Now honing his craft as a solo singer/songwriter, Battelle‘s first album, ‘Exit Brain Left’, saw him leave behind the driving grunge of his former band in favour of more experimental avenues. Now, on his second release, ‘Midnight Between Months’, that feat looks set to continue even further.
The gliding, orchestral opener ‘Who’s Knocking At My Door?’, is light and airy, but is soon completely juxtaposed by the bass-heavy aggression of ‘Apple Tree’ that follows, and with only two tracks in, you encounter the fundamental problem of ‘Midnight Between Months’: Battelle throws so many ideas onto this one record – all of which are largely brilliant, displaying vastly experimental and inventive musicianship – but don’t quite coherently fit together as delicately as they could.
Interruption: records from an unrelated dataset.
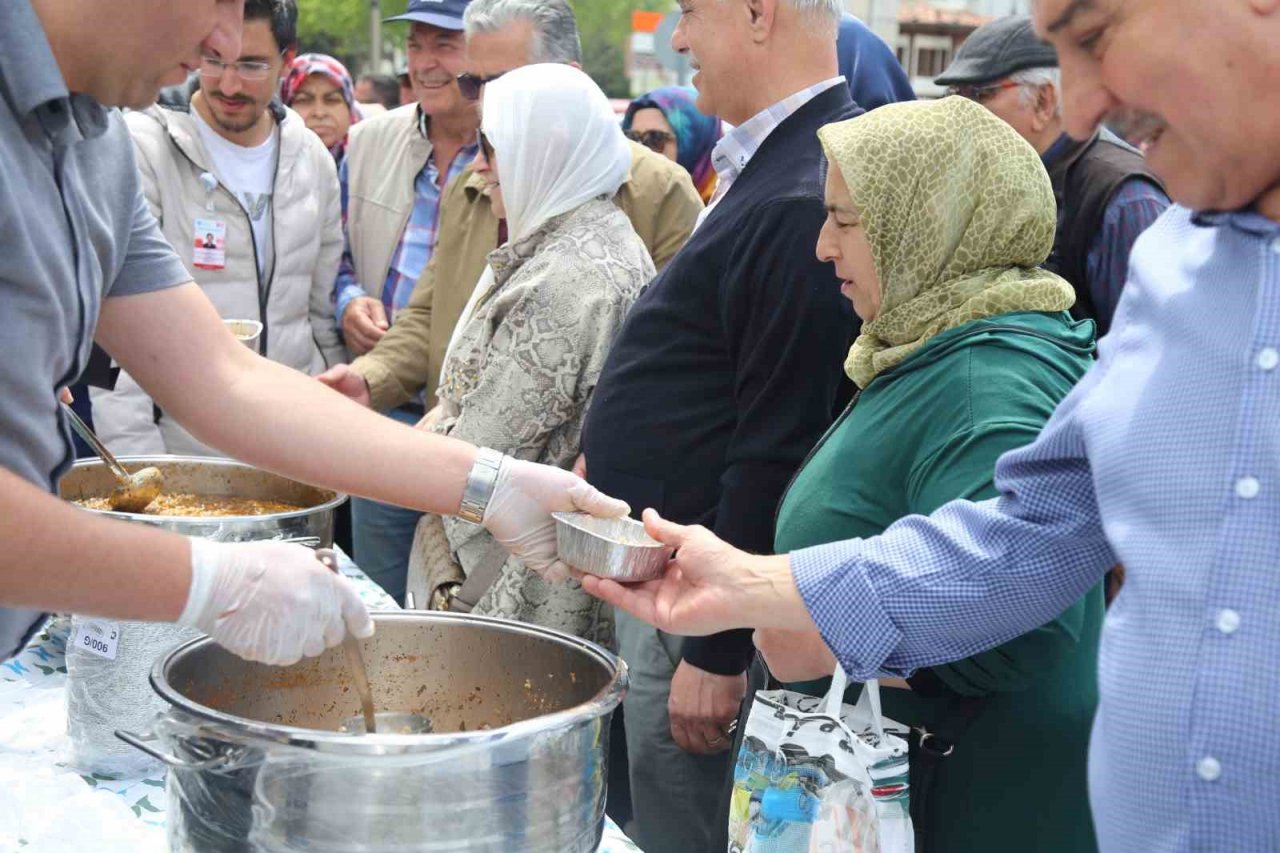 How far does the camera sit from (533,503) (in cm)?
179

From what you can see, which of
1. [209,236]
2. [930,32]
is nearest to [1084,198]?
[209,236]

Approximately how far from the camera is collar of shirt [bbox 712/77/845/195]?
2436mm

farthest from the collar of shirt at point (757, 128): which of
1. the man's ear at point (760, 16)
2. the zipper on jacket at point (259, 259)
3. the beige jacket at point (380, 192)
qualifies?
the beige jacket at point (380, 192)

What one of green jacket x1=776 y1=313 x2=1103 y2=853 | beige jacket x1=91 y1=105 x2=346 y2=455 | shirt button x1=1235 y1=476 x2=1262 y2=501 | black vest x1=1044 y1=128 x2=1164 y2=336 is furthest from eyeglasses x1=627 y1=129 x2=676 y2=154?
shirt button x1=1235 y1=476 x2=1262 y2=501

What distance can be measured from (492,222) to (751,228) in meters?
A: 1.34

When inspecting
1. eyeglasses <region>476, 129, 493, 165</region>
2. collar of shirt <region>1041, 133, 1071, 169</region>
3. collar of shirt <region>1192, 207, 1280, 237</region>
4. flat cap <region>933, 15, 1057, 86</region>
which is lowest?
collar of shirt <region>1041, 133, 1071, 169</region>

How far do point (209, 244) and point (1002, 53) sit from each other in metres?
2.22

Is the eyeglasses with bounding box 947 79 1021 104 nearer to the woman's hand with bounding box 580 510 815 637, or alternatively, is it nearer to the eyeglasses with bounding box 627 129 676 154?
the eyeglasses with bounding box 627 129 676 154

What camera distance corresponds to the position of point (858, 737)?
5.22 feet

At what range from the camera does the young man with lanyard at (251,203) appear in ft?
11.6

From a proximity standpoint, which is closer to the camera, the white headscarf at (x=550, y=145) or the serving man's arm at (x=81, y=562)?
the serving man's arm at (x=81, y=562)

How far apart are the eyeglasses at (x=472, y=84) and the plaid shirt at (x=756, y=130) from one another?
1297mm

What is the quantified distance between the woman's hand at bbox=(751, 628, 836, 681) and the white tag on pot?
87 centimetres

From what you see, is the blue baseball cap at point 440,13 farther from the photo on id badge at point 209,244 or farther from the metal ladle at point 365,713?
the metal ladle at point 365,713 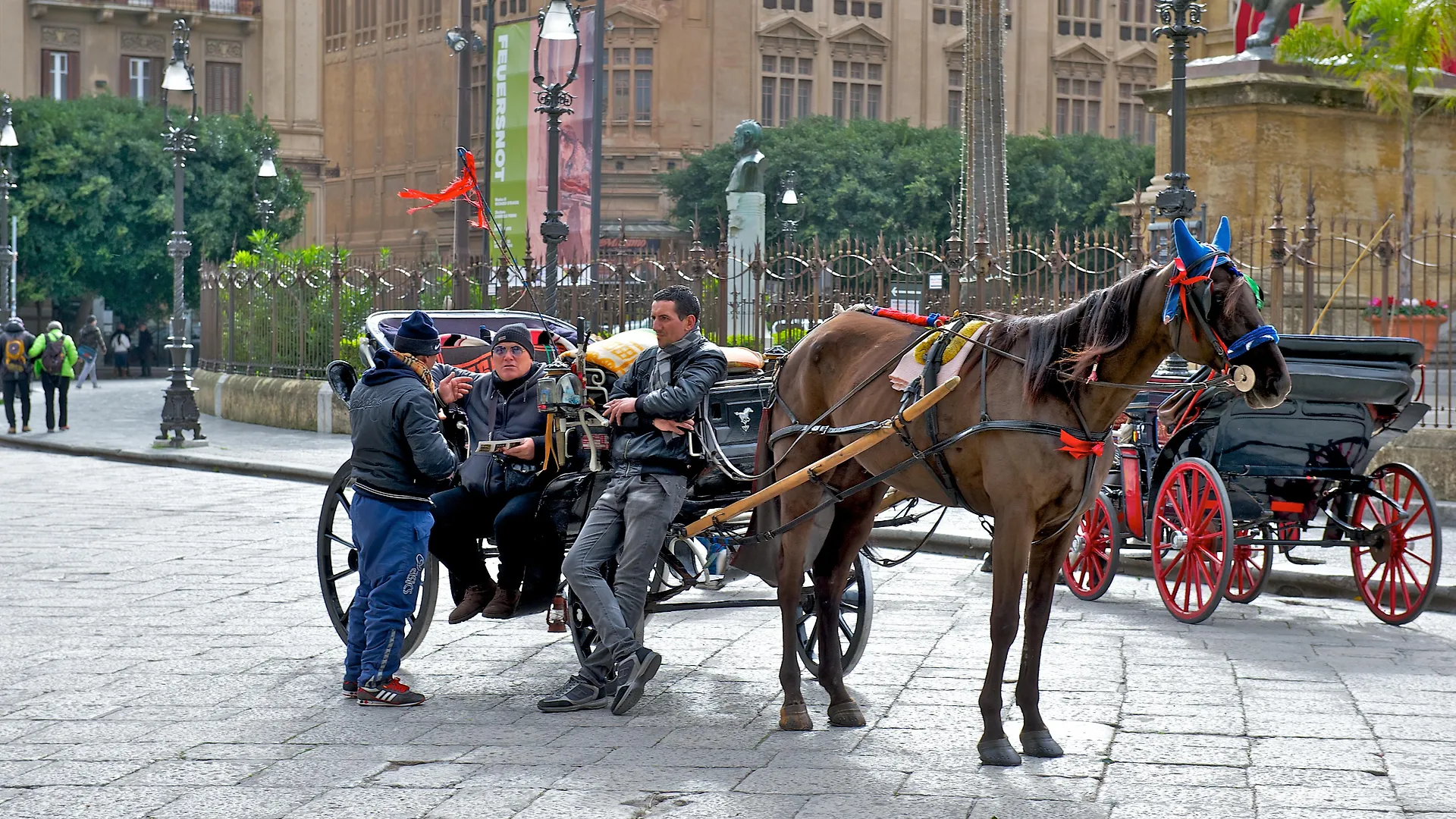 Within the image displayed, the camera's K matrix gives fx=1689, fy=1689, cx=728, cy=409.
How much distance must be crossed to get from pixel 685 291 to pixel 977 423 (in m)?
1.38

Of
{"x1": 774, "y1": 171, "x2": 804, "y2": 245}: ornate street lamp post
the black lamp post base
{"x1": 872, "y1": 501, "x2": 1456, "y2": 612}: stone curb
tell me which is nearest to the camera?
{"x1": 872, "y1": 501, "x2": 1456, "y2": 612}: stone curb

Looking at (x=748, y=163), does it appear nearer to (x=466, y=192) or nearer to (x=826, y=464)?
(x=466, y=192)

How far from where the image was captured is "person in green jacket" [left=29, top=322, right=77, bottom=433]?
22391mm

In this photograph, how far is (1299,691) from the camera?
6883mm

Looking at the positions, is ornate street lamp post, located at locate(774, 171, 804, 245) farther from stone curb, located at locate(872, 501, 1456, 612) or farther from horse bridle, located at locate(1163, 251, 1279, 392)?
horse bridle, located at locate(1163, 251, 1279, 392)

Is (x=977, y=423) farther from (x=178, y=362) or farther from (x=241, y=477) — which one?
(x=178, y=362)

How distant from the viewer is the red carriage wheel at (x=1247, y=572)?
8.98 metres

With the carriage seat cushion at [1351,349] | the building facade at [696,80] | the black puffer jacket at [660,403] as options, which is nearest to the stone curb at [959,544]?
the carriage seat cushion at [1351,349]

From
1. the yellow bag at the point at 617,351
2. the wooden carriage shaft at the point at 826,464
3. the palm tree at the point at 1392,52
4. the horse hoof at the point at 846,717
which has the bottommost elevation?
the horse hoof at the point at 846,717

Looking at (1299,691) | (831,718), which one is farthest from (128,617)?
(1299,691)

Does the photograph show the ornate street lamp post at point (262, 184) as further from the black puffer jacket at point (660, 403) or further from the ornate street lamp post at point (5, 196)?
the black puffer jacket at point (660, 403)

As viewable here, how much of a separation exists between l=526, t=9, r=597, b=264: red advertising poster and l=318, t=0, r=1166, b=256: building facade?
20326 millimetres

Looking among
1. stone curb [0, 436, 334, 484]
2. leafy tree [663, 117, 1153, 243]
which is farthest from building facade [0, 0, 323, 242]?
stone curb [0, 436, 334, 484]

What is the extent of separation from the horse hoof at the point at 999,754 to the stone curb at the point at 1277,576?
4449 mm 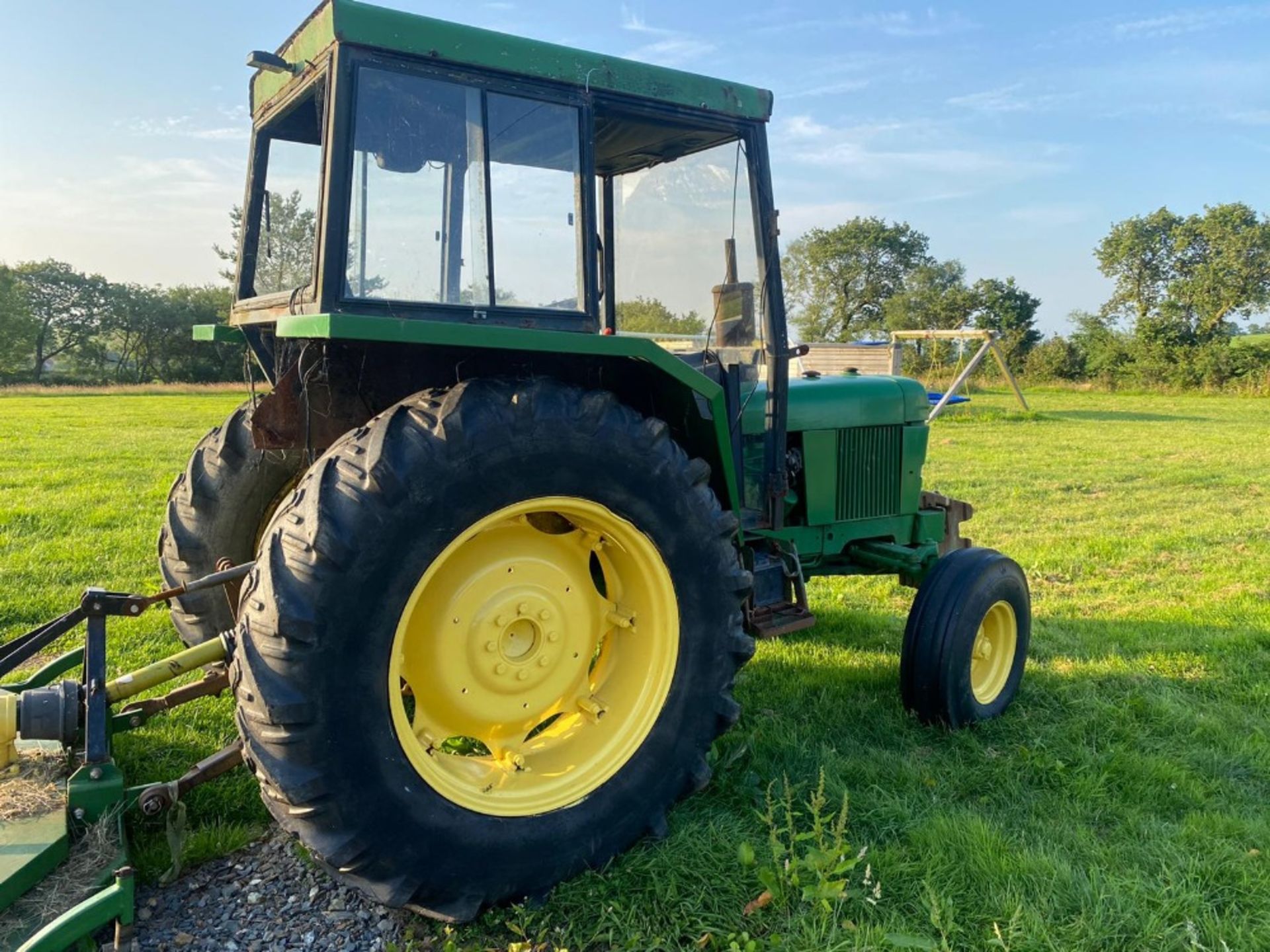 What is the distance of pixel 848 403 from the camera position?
14.0 ft

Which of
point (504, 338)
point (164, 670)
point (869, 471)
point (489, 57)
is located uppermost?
point (489, 57)

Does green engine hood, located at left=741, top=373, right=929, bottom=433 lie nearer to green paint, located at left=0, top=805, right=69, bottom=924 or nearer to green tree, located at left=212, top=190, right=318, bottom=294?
green tree, located at left=212, top=190, right=318, bottom=294

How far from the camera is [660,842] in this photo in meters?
2.71

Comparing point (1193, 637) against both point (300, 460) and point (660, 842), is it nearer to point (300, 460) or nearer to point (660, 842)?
point (660, 842)

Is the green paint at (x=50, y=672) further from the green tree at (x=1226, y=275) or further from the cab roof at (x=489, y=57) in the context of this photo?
the green tree at (x=1226, y=275)

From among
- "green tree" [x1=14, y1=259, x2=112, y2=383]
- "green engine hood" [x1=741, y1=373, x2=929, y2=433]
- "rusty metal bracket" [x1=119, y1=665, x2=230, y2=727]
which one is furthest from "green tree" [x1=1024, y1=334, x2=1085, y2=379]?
"green tree" [x1=14, y1=259, x2=112, y2=383]

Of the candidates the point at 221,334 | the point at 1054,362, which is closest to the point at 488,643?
the point at 221,334

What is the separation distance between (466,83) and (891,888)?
8.80ft

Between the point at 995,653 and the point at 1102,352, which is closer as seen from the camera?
the point at 995,653

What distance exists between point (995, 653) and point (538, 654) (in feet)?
7.83

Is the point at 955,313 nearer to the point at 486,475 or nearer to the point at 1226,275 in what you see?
the point at 1226,275

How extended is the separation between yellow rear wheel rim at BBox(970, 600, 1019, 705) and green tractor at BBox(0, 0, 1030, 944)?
9.7 inches

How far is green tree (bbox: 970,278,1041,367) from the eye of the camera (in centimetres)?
3912

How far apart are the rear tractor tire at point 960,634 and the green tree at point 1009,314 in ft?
125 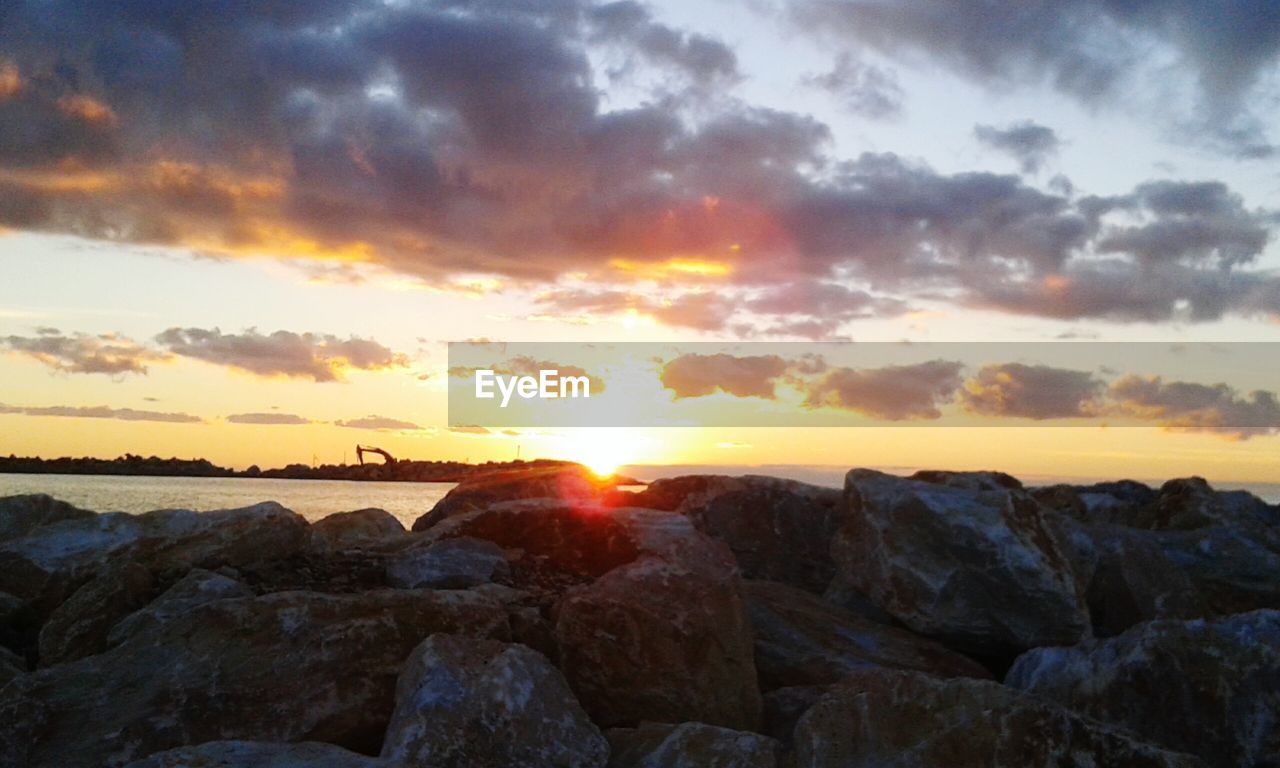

That aside, it’s hard to not appreciate Battelle‘s excellent display of musical range on the length of this album. At one moment he can be delivering Muse levels of electro hard rock, like the eccentric aforementioned ‘Apple Tree’, or mammoth lead single ‘Shark Infested Stalker’ – a song that enters an almost Queen mode before, once more, piling on the distortion in a neck-snapping turn of pace.
‘Running Wild In New York City’ has an 80s pop spin that oozes groove, ‘Magic Carpet Ride’ has a stompy folk rock twang with an deeply electronica chorus, and, again, Queen‘s influence becomes clear again on the countless amounts of harmonies on ‘Shipwrecked’. This record is like a suitcase packed with outfits for every season, and Battelle mostly pulls them off too.
That said, the structural issues aren’t reserved for marring the album as a whole, but individual tracks too. ‘Shark Infested Stalker’‘s main section is fabulous, but the latter parts of it feel too much like separate tracks. ‘Relax!!!’ also has a similar issue: after a really solid track, it awkwardly cuts from dark-symphonic rock to a one-take recording of Battelle on an acoustic guitar, and it feels clunky.
Yet, for all the faults that can be found with the structure of the record, it’s really hard not to love the majesty of creativity that Battelle displays on ‘Midnight Between Months’. He’s clearly a pure creative talent with a lot to offer, even if all his ideas don’t exactly dance to the same beat.